I'd also picked up The Micronauts, Uncanny X-Men, Avengers, Fantastic Four, Legion of Super-Heroesoff the spinner rack, as well as DC Special Blue Ribbon Digest #1 starring the Legion of Super-Heroes. I loved those cute little digest size comics. Another great thing about the Silver Age.

Doug said...

I went back and checked Mike's again -- I hadn't counted the books I had from this month.

Yeah, this had to be the last month I bought comics, as the only ones shown that I had were Avengers, FF, King Conan, and Peter Parker. Wow...

Sort of makes me sad for 14-year old me.


david_b said...

Doug.., pretty much agreed, and I know we're pretty close in terms of collecting-tenures.
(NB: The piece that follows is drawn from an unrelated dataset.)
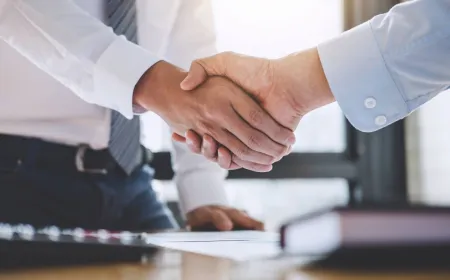 Nuvei and Payoneer logos representing the $2.75 billion acquisition deal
Other than Perez's NTT and the Stern/Buscema Avengers stint (ok, invested in the first dozen issues of WCA....), I didn't collect much of anything in the '80s from the two big companies. My 'personal Bronze Age' ended by the late 70s.
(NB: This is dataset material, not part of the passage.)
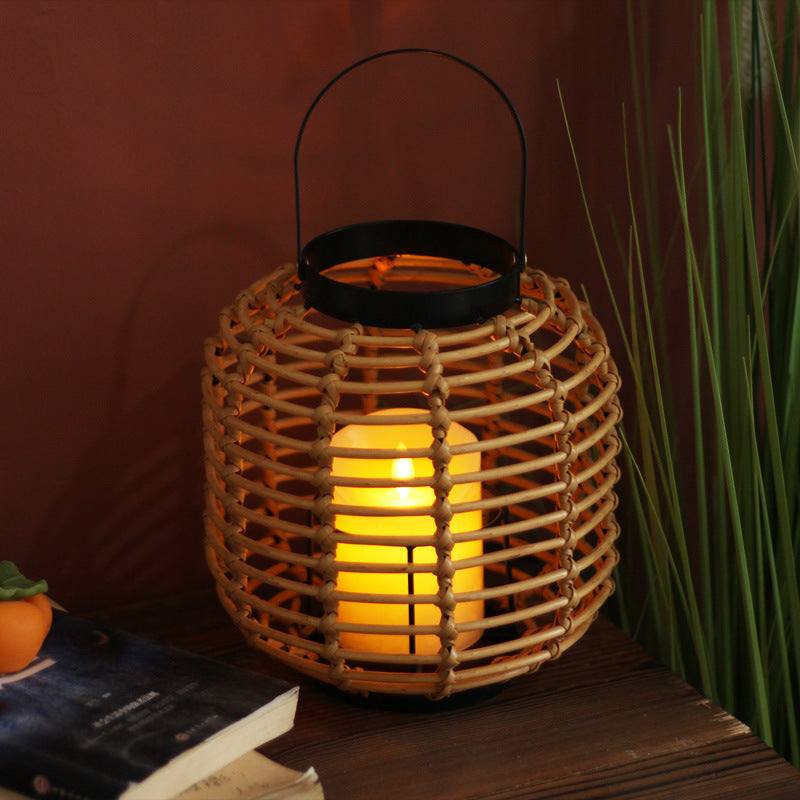 Decorative lantern made of braided rattan Bowlift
I did enjoy the '80s Jonny Quest series from Comico quite a bit for a spell.

Anonymous said...

Doug - just when you were out, they drag you back in, eh? Interest in comics rekindled around '85... the DKR effect maybe? (lot of enthusiasm coming out of those reviews)


pfgavigan said...


Well, this appears to be a pivotal time for several of us in terms of our reading and buying habits.

At this time I was picking up less than ten books per month and most of those were provisional, none were must read although X-Men came close. The local Rexall drug store was were I made my lonely trek to peruse the weekly offerings, which meant one issue of most books and I wasn't too terribly perturbed if I happened to lose a particular title to another reader.
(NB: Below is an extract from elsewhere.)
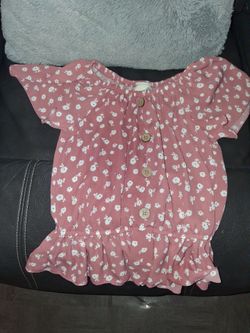 Kids shirt for girls a pink shirt with flowers in it the size is 7/8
I do remember thinking various nasty thoughts regarding Marvel hiring processes and nepotism, but everything did work out well in the end.

So what kept me reading, even increasing my purchasing? A comic book store opened in town and the revolving editor-in-chief door at Marvel finally closed. Yeah, I enjoyed more than a few books during the Wild Time between Lee and Shooter, but there was enough drek reaching the magazine stands that I had come to consider a good read as the exception to the rule.


Unknown said...

Those were the days; 11 and all these issues/reprints.
Can never forget that Marvel tales reprint of ASM121; the cover blew me away.
That Vampirella pose seems risque. Hulk seems to be everywhere that month. That Fun and Games mag I remember as well. Those Archies and Richie Rich I must have read (loved having teenage female cousins) who always had a stash of them every month.

Martinex1 said...

Like others this was at the peak of my collecting path but for some reason the local corner drugstore must not have carried many of these. I have only a handful this month but the following month I have about twenty. I wanted that X-Men but could not find it. A friend had it and I read it intermittently. I always thought the beaten X-Men in the cages kind of defined the team for me; for some reason I always thought of them as underdogs, not ultra-powerful, butalways fighting against forces stronger than them. I'm not sure if that was intended exactly. I just always thought of the Avengers and FF as "A" team winners and the X-Men as down on their luck hackers. Lovable losers. For me that was part of their charm.

Also, I never saw that Marvel Spotlight with Dragon Lord. I'm curious about that.

And as far as the reprints. ...I loved the reprints.